--- EXERCISE AIM ---
Exact copy, no pictures: every line from the one that contains "Blugi skinny pentru" through the end of the data below, and nothing else.

--- RECORDS SHOWN ---
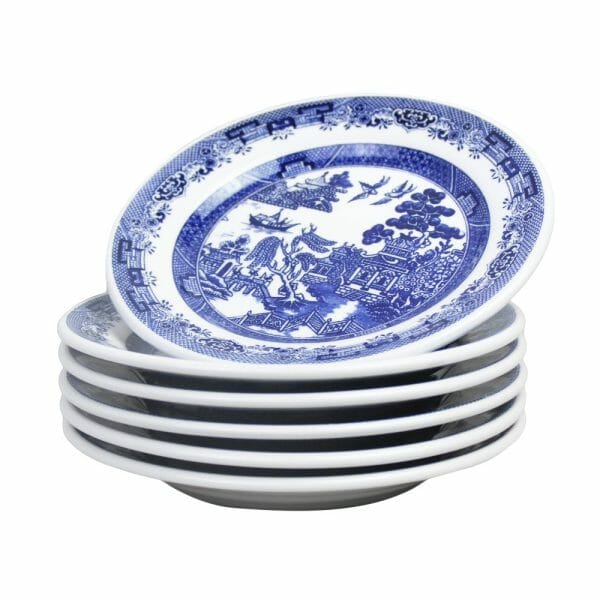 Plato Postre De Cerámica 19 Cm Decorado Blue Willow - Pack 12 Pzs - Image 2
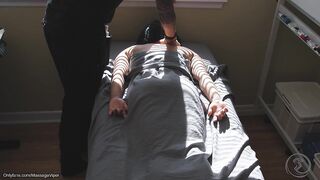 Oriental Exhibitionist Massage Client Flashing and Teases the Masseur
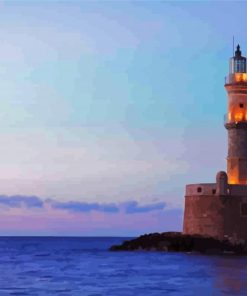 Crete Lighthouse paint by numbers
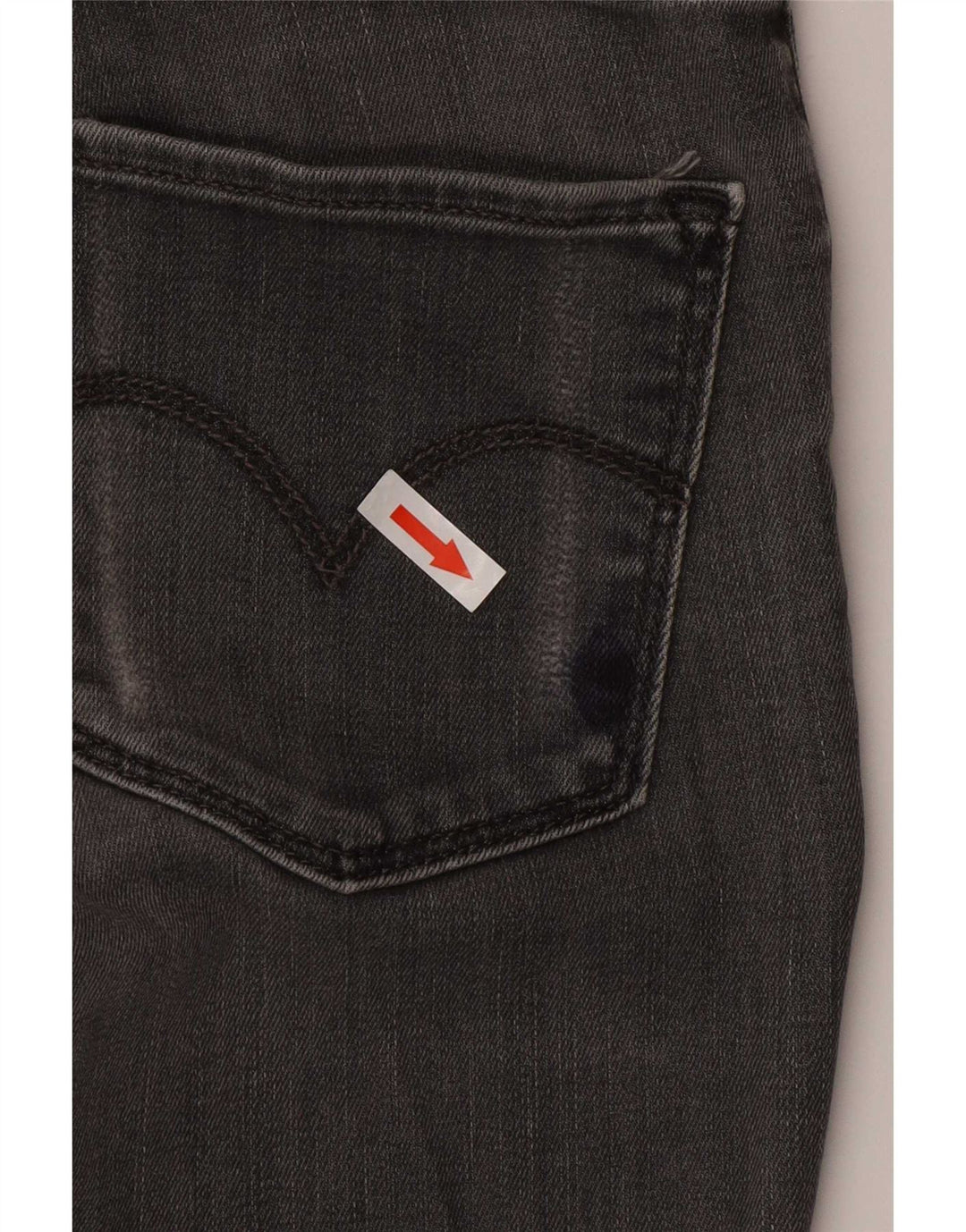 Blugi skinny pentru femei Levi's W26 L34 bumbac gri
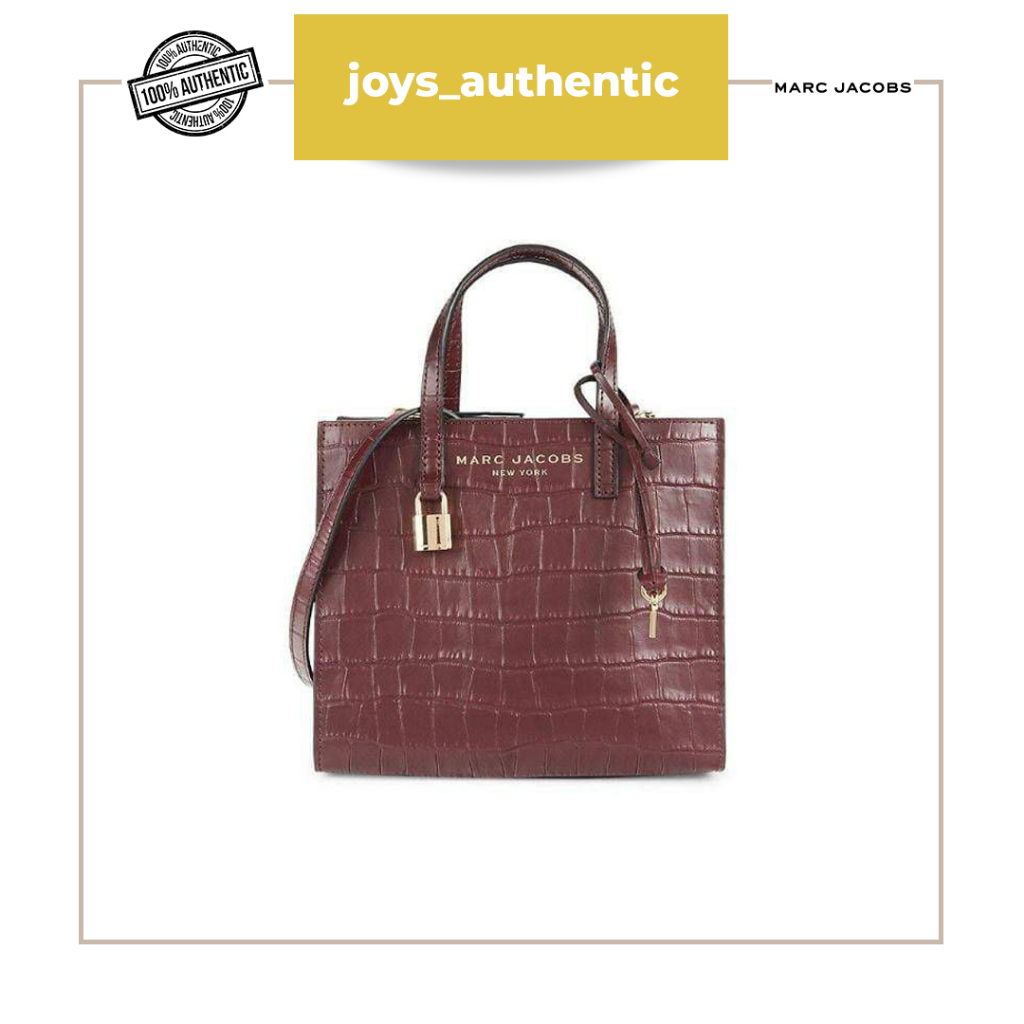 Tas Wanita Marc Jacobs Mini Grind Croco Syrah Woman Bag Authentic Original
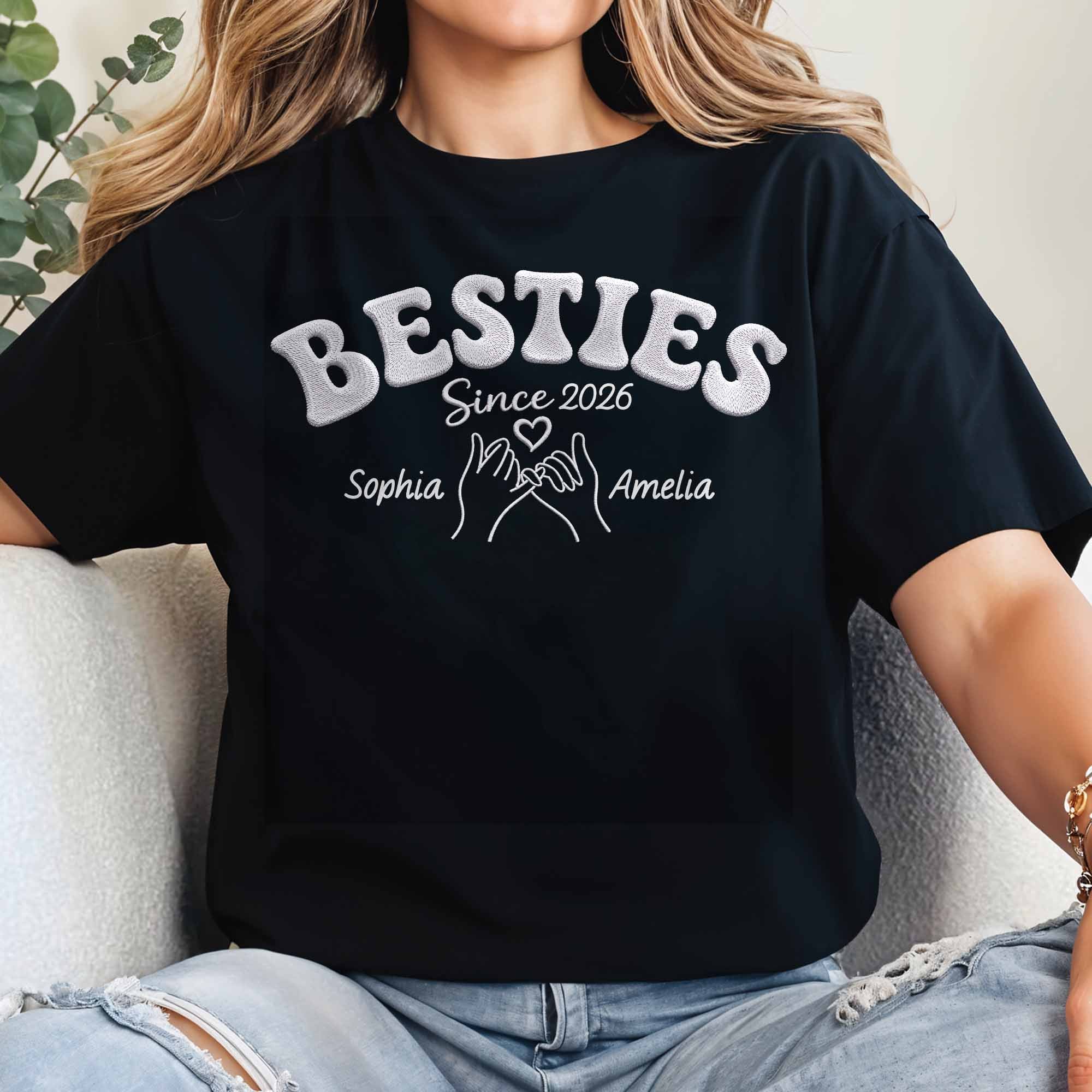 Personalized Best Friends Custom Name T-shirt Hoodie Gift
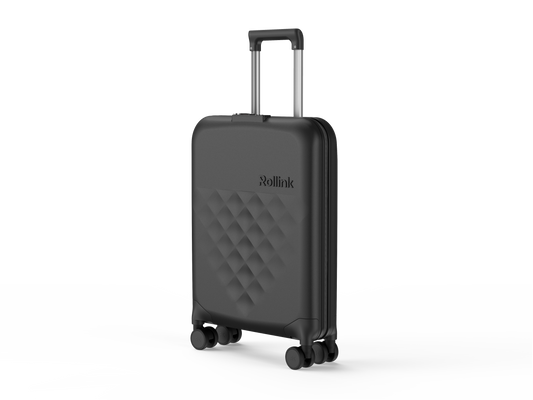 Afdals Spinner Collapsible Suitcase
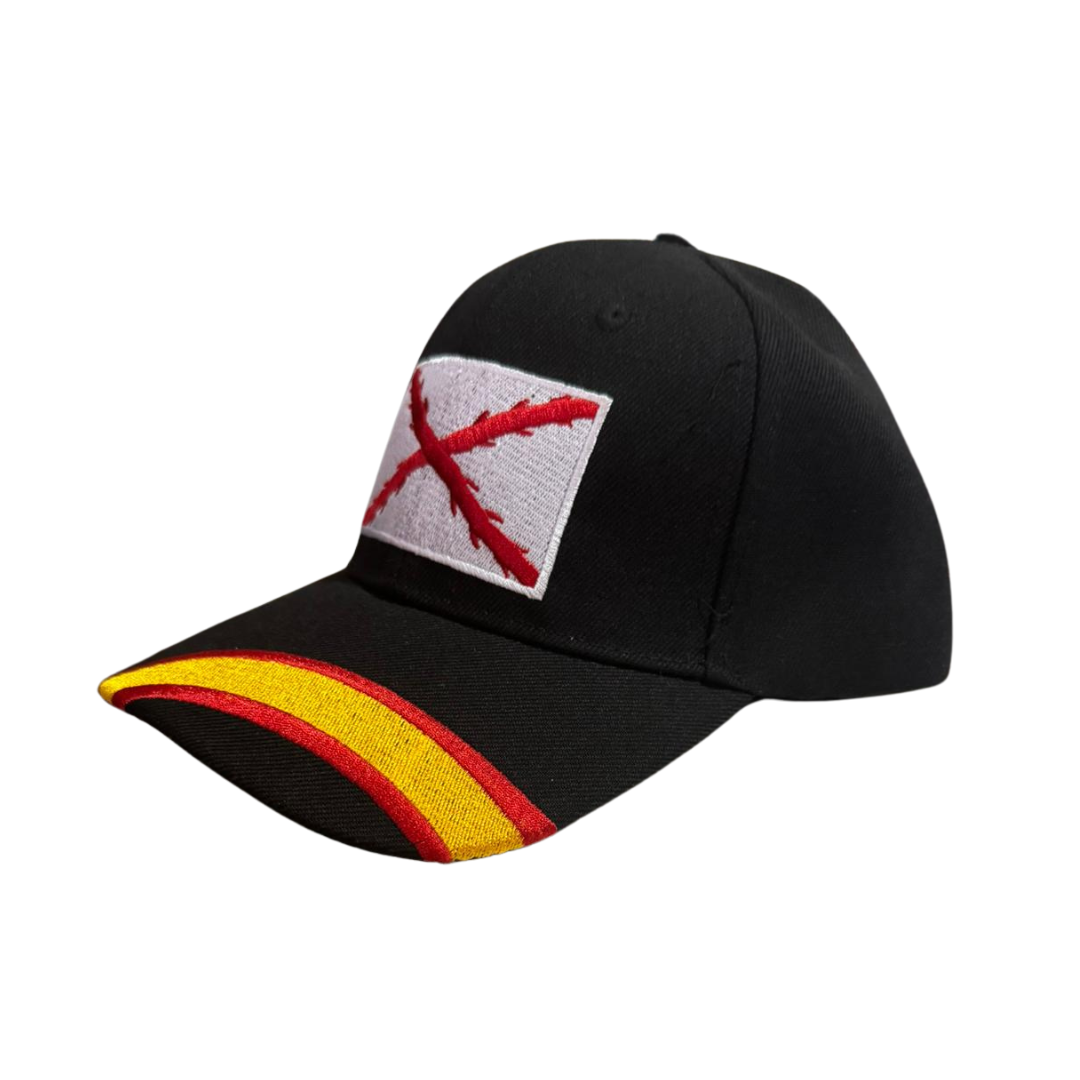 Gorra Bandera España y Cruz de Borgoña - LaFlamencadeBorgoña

--- FINISHED TASK ---
 Blugi skinny pentru femei Levi's W26 L34 bumbac gri
 Tas Wanita Marc Jacobs Mini Grind Croco Syrah Woman Bag Authentic Original
 Personalized Best Friends Custom Name T-shirt Hoodie Gift
 Afdals Spinner Collapsible Suitcase
 Gorra Bandera España y Cruz de Borgoña - LaFlamencadeBorgoña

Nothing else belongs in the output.